Tiny grains of cosmic dust may be quietly shaping the chemistry that leads to life. New laboratory experiments show that these minerals can accelerate reactions between simple interstellar gases – even in the bitter cold near -315°F – to produce compounds that serve as stepping stones to complex organic molecules.
In the new work, led by Alexey Potapov of Friedrich Schiller University Jena (FSU) in Germany, researchers watched carbon dioxide and ammonia react on dust surfaces to form ammonium carbamate, a salt that links basic space ices to richer, nitrogen-bearing organics.
The results point to dust grains not as inert specks drifting between stars, but as active chemical engines capable of assembling life’s precursors long before planets exist.
In astronomy, cosmic dust, tiny solid particles of rock and carbon that fill space between stars, is a crucial part of this story. These grains are often smaller than smoke particles, yet they carry rough, porous surfaces that molecules can stick to instead of drifting freely in gas.
That combination of surfaces and extreme cold sits at the heart of astrochemistry, the study of how molecules form and react in space.
When atoms and molecules land on dust grains, they can hop slowly across the surface, bump into partners, and react in ways that would be almost impossible in thin interstellar gas.
For years, many models pictured dust grains coated in thick blankets of ice that hide the underlying surface. Recent experimental work shows that real grains are likely more rugged and porous, with thin, patchy ices that still leave plenty of mineral surface exposed to space.
To test how that kind of dust changes chemistry, Potapov and colleagues built artificial silicate grains in an ultra-high-vacuum chamber in Jena.
They cooled a wafer to about 10 kelvin, then grew a foam-like layer of magnesium-rich silicate grains with tiny interconnected pores.
On top of that dust, the team stacked sandwiches of frozen carbon dioxide and ammonia ices in controlled layers.

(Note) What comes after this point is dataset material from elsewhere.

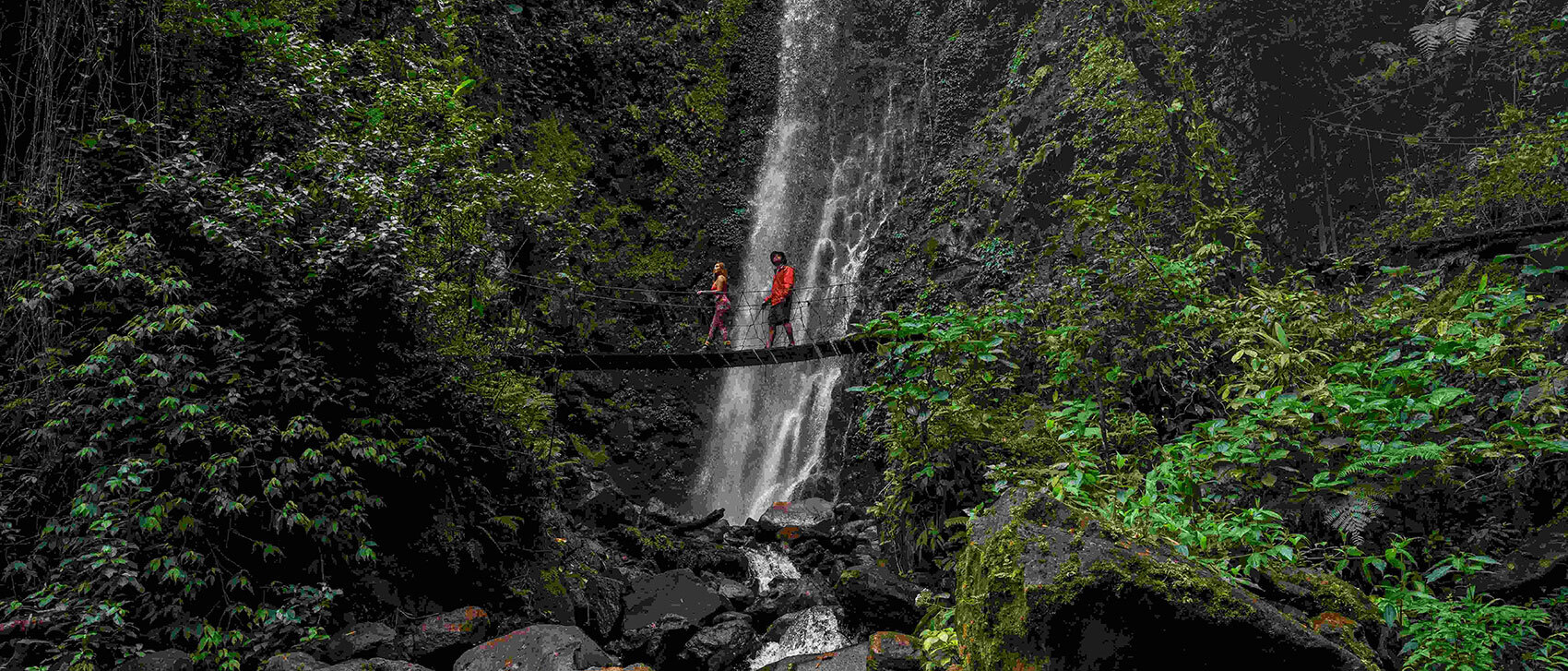 Two people crossing a hanging bridge in front of a stunning waterfall in Monteverde, Costa Rica.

As they gently warmed the sample to around 80 kelvin, the molecules had no choice but to move through the porous dust layer if they wanted to meet and react.
In experiments where a dust layer separated the ices, the team saw clear infrared signatures of ammonium carbamate in the sample.
That lab experiment ran at cryogenic temperatures that mimic dense interstellar clouds. A detailed analysis showed that the dust was not just a passive scaffold but a participant.
The researchers interpret the reaction as an example of acid-base catalysis, chemistry where a surface helps acids and bases trade protons.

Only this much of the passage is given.